Jane and the Waterloo Map is the new novel in the bestselling Being a Jane Austen Mystery series by Stephanie Barron. Inspired by the life of the famous English author, Jane Austen returns as a clever, yet genteel, sleuth in this delightful thirteenth installment of the bestselling Regency-era mystery series.
Stephanie Barron was born in Binghampton, New York, the last of six girls. She attended Princeton and Stanford Universities, where she studied history, before going on to work as an intelligence analyst at the CIA. She wrote her first book in 1992 and left the Agency a year later. Since then, she has written fifteen books. She lives and works in Denver, Colorado. Learn more about Stephanie and her books at her website, visit her on Facebook and Goodreads. Her new novel is Jane and the Waterloo Map, the latest in the Jane Austen Mystery series.
Jane Austen, Detective Novelist
Back in 1999, I gave at talk at the Jane Austen Society of North America’s Annual General Meeting that compared the structure of Emma to a detective novel.
For more than a decade, I was ignorant of the fact that the late, great British detective novelist, P. D. James, had already delivered a similar lecture to the UK Jane Austen Society in 1998. Entitled “Emma Considered as a Detective Story,” it noted that while Austen’s fourth novel can be viewed as a light-hearted romance about a self-absorbed young woman, Emma Woodhouse is unwittingly engaged in investigating and exposing a social crime at the heart of the book.

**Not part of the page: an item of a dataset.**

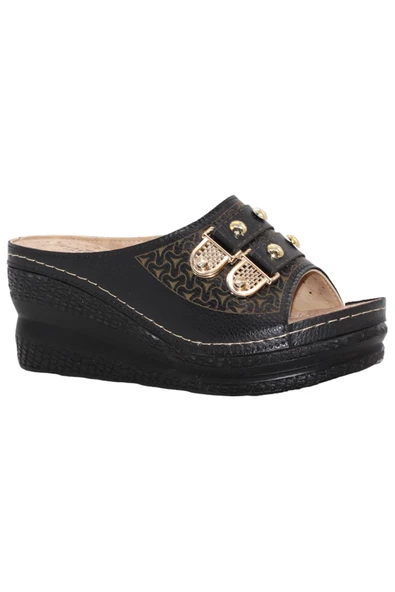 Mergenshoes G018 Siyah Günlük Star Poli Yüksek Taban Kadın Terlik - 3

Eligible and charming Frank Churchill, who should be flirting with Emma herself, has contracted a secret engagement with impoverished Jane Fairfax instead, against the expressed wishes of his adoptive parents. By suppressing the truth, and forcing Miss Fairfax to do the same, Frank descends into a series of impostures that deceive and betray the friends and family nearest to his heart. He wounds his beloved Jane to the point of self-martyrdom. Emma, the reader’s guide through these social labyrinths, is the original unreliable detective—she misinterprets the motives, actions, and desires of everyone about her with a destructive confidence that nearly ruins all their lives. The village of Highbury is turned on its head. Only when Frank’s “crime” is revealed and justice accorded to Jane Fairfax, is order restored in Emma Woodhouse’s small Eden.

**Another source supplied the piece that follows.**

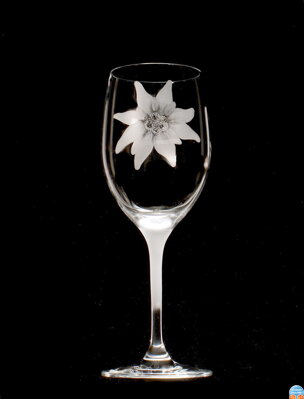 6x Weinglas Thun 250 ml - Edelweiß Motiv - Hand graviertes Glas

Austen’s construction of the story is both subtle and ferociously clever. The perceptive reader finds clues that generally reveal themselves only upon a second journey through the book. (The anonymous delivery of a pianoforte to Miss Fairfax’s lodgings is a web of misdirection and misinterpretation.) Evidence is analyzed and false conclusions drawn. Witnesses offer testimonies that conflict and obscure the truth. Red herrings abound. And Emma, who blithely embarked on this elaborate investigation in the novel’s first pages, realizes almost too late that the most deceived and benighted person in Highbury is herself. Austen seems to be warning us that the greatest mystery we can penetrate—a word she often used--is the motivation of the human heart, which can destroy or construct as much happiness as it chooses.
One suspects that Dame P. D. continued to mull the parallels between Austen and murder fiction for years before she gave way to temptation and wrote her pastiche on both, Death Comes to Pemberley. She was an enthusiastic Janeite, and no doubt catalogued the deceptive characters in each of the novels—Willoughby and Wickham come to mind, but so too do Mr. Elliot, Henry Crawford, and Isabella Thorpe. Austen heroines are natural detectives, challenged continually to investigate appearances and divine the hidden truth, or risk the commission of errors that may lead to lifelong misery. This portrayal of the concealment and revelation of human motivation—the essence of passionate intrigue as well as crime—was Austen’s great talent. What Jane called penetration—perceptivity and empathic understanding—are critical to both writers and detectives. It is the crux of her endurance as an author: we return to her books because they persist in revealing us to ourselves.
But Jane’s penetration is also the reason I decided, two decades ago, to steal her life and voice for the main character in a series of detective novels.
I took up with Jane in 1802, when she was at a personal crossroad: she had just turned twenty-six; she had accepted and then hastily rejected an offer of marriage from a man she did not love. She chose personal truth over comfort, risk and possible want over economic security—and had she done otherwise, we would never have known her name. She would have become Mrs. Harris Bigg-Wither instead of Jane Austen, the mistress of a fine drawing room and park at Manydown House, but not of Fitzwilliam Darcy or Emma Woodhouse.
Over the years I have followed Jane around England, from Bath to Southampton, Chawton to Canterbury. We have grown old in each other’s company; one of us has raised two children. Thirteen novels later, we have reached the autumn of 1815 in Jane and the Waterloo Map.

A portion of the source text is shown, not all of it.